15

Stacked Models

In the previous chapters, you’ve learned how to train individual learners, which in the context of this chapter will be referred to as base learners. Stacking (sometimes called “stacked generalization”) involves training a new learning algorithm to combine the predictions of several base learners. First, the base learners are trained using the available training data, then a combiner or meta algorithm, called the super learner, is trained to make a final prediction based on the predictions of the base learners. Such stacked ensembles tend to outperform any of the individual base learners (e.g., a single RF or GBM) and have been shown to represent an asymptotically optimal system for learning (van der Laan et al., 2003).

15.1  Prerequisites

This chapter leverages the following packages, with the emphasis on h2o:

# Helper packages

library(rsample) # for creating our train-test splits

library(recipes) # for minor feature engineering tasks

# Modeling packages

library(h2o) # for fitting stacked models

To illustrate key concepts we continue with the Ames housing example from previous chapters:

# Load and split the Ames housing data

ames <- AmesHousing::make_ames()

set.seed(123) # for reproducibility

split <- initial_split(ames, strata = ”Sale_Price”)

ames_train <- training(split)

ames_test <- testing(split)

# Make sure we have consistent categorical levels

blueprint <- recipe(Sale_Price ~ ., data = ames_train) %>%

step_other(all_nominal(), threshold = 0.005)

# Create training & test sets for h2o

train_h2o <- prep(blueprint, training = ames_train, retain = TRUE) %>%

juice() %>%

as.h2o()

test_h2o <- prep(blueprint, training = ames_train) %>%

bake(new_data = ames_test) %>%

as.h2o()

# Get response and feature names

Y <- ”Sale_Price”

X <- setdiff(names(ames_train), Y)

15.2  The Idea

Leo Breiman, known for his work on classification and regression trees and random forests, formalized stacking in his 1996 paper on Stacked Regressions (Breiman, 1996b). Although the idea originated in (Wolpert, 1992) under the name “Stacked Generalizations”, the modern form of stacking that uses internal k-fold CV was Breiman’s contribution.

However, it wasn’t until 2007 that the theoretical background for stacking was developed, and also when the algorithm took on the cooler name, Super Learner (Van der Laan et al., 2007). Moreover, the authors illustrated that super learners will learn an optimal combination of the base learner predictions and will typically perform as well as or better than any of the individual models that make up the stacked ensemble. Until this time, the mathematical reasons for why stacking worked were unknown and stacking was considered a black art.

15.2.1  Common ensemble methods

Ensemble machine learning methods use multiple learning algorithms to obtain better predictive performance than could be obtained from any of the constituent learning algorithms. The idea of combining multiple models rather than selecting the single best is well-known and has been around for a long time.

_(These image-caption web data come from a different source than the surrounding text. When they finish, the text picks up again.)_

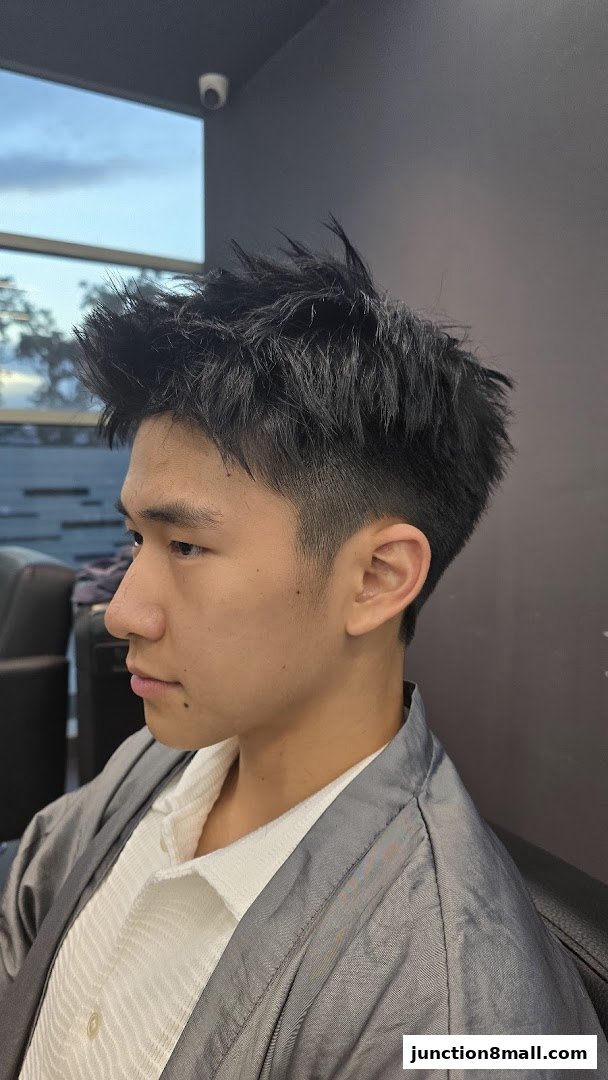 A young man with a stylish haircut sits in a salon, looking to the side.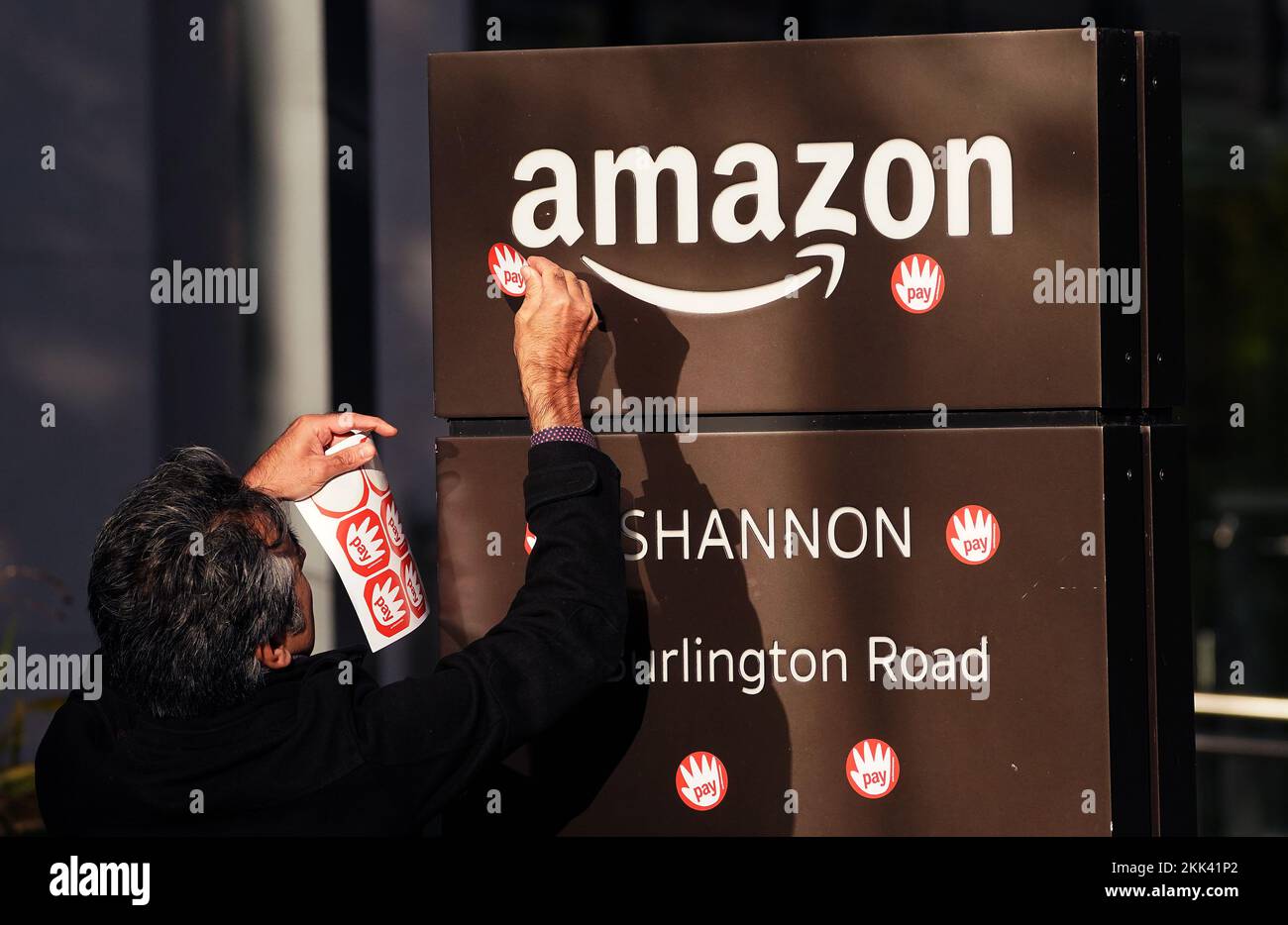 A man places stickers on the Amazon logo during a protest outside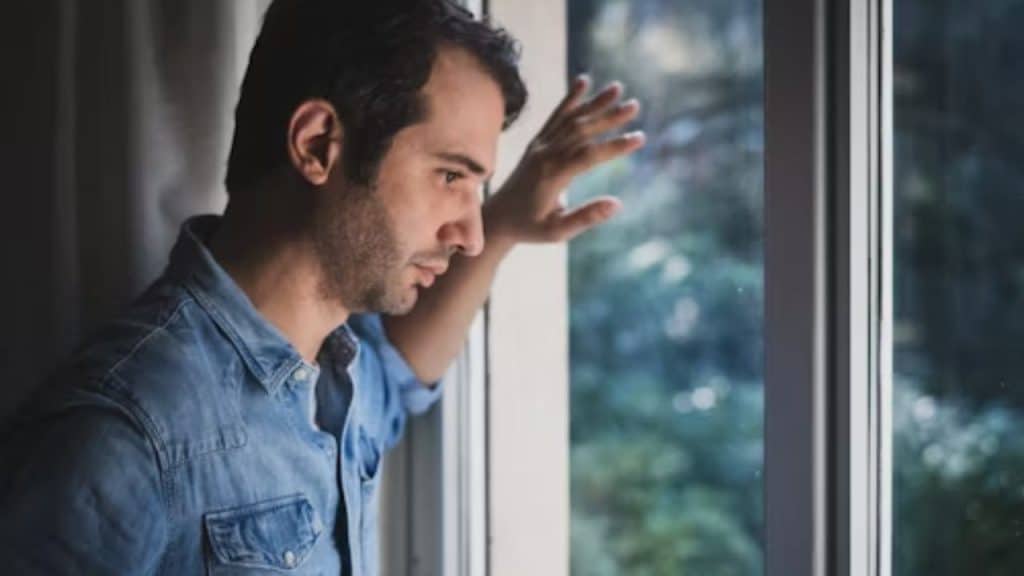 Man standing near the window of a house at night, looking protective and alert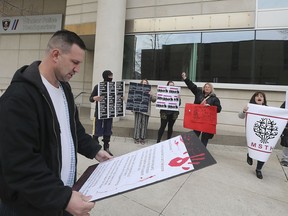 Brandon Bailey, a member of the Windsor Overdose Prevention Society and others rally in front of the Windsor Police Headquarters on Tuesday, April 16, 2019, in conjunction with the National Day of Action on the Overdose Crisis.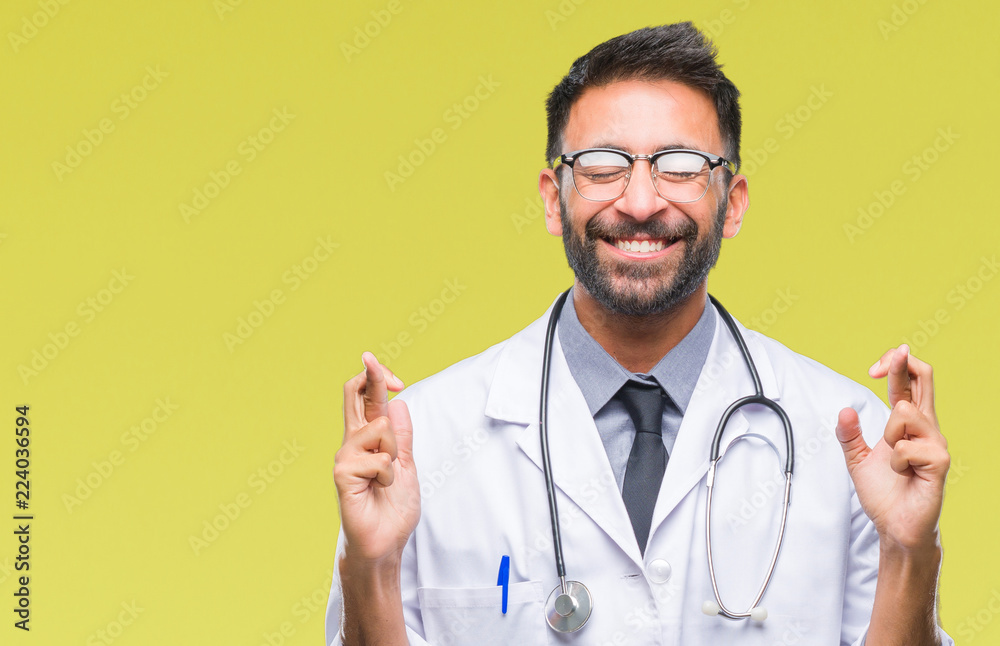 Adult hispanic doctor man over isolated background smiling crossing fingers with hope and eyes closed. Luck and superstitious concept. Adult hispanic doctor man over isolated background smiling crossing fingers with hope and eyes closed. Luck and superstitious concept.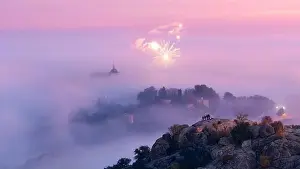 Alcazar Prints: Aerial view of ancient town and medieval Alcazar de Toledo palace in mist in colorful daybreak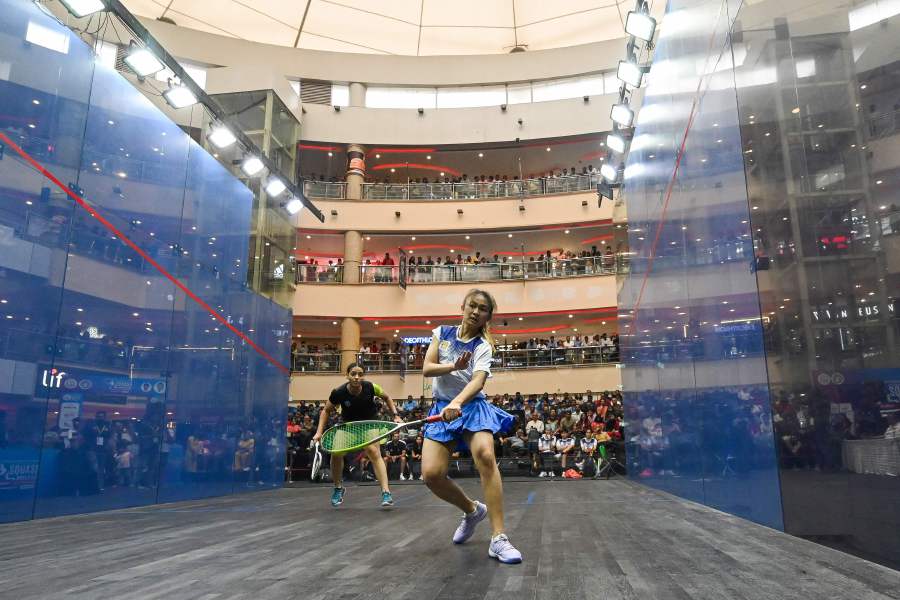 Egypt's Kenzy Ayman plays against Malaysia's Xin Ying Yee (front) during the Finals match of SDAT WSF Squash World Cup held in Chennai. - AFP pic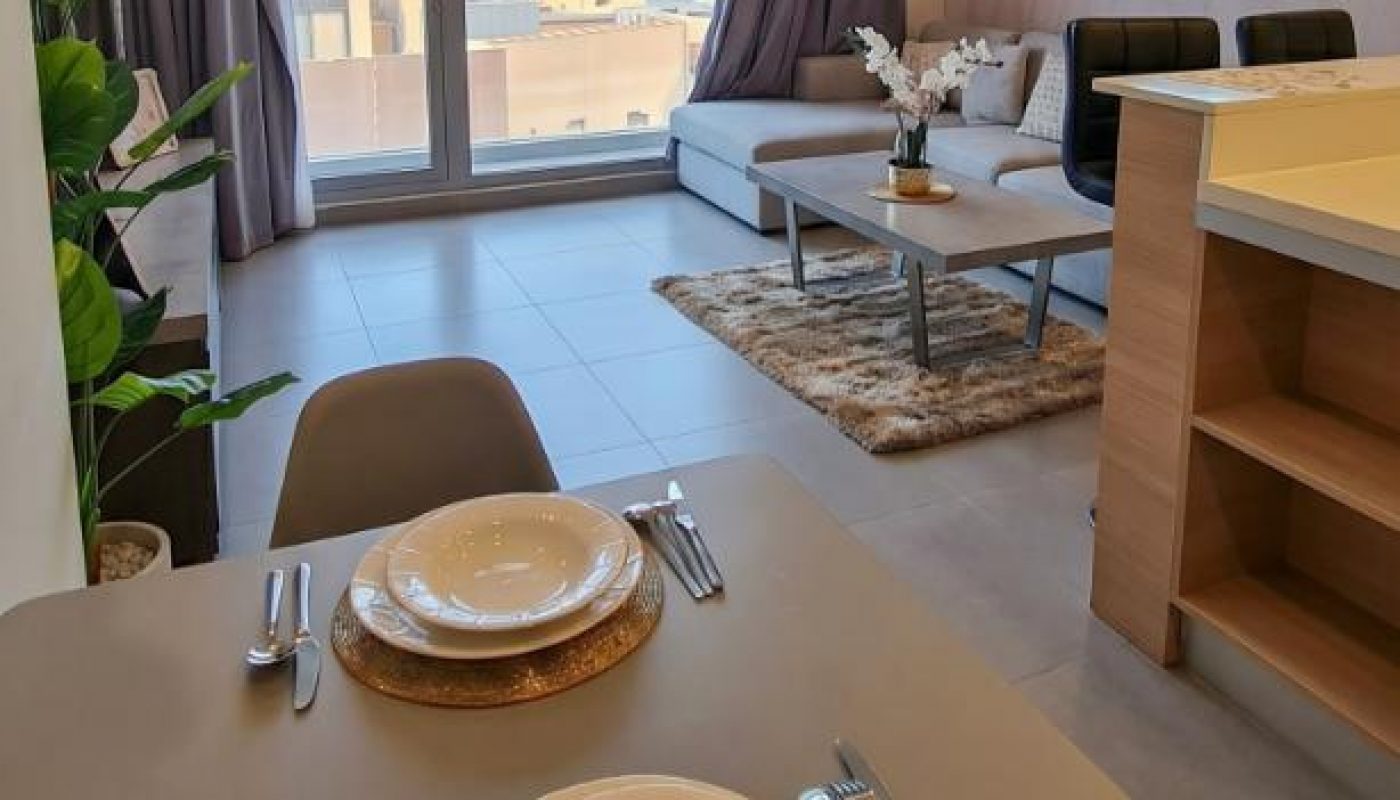 Modern apartment living room and dining area with large window, set dining table for two, sofa, coffee table, wall art, and city view outside.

In fact, many of the popular modern machine learning algorithms (including ones in previous chapters) are actually ensemble methods.

For example, bagging (Chapter 10) and random forests (Chapter 11) are ensemble approaches that average the predictions from many decision trees to reduce prediction variance and are robust to outliers and noisy data; ultimately leading to greater predictive accuracy. Boosted decision trees (Chapter 12) are another ensemble approach that slowly learns unique patterns in the data by sequentially combining individual, shallow trees.

Stacking, on the other hand, is designed to ensemble a diverse group of strong learners.

15.2.2  Super learner algorithm

The super learner algorithm consists of three phases:

1.  Set up the ensemble

•  Specify a list of L base learners (with a specific set of model parameters).

•  Specify a meta learning algorithm. This can be any one of the algorithms discussed in the previous chapters but most often is some form of regularized regression.

2.  Train the ensemble

•  Train each of the L base learners on the training set.

•  Perform k-fold CV on each of the base learners and collect the cross-validated predictions from each (the same k-folds must be used for each base learner). These predicted values represent p1,…,pL in Eq. (15.1).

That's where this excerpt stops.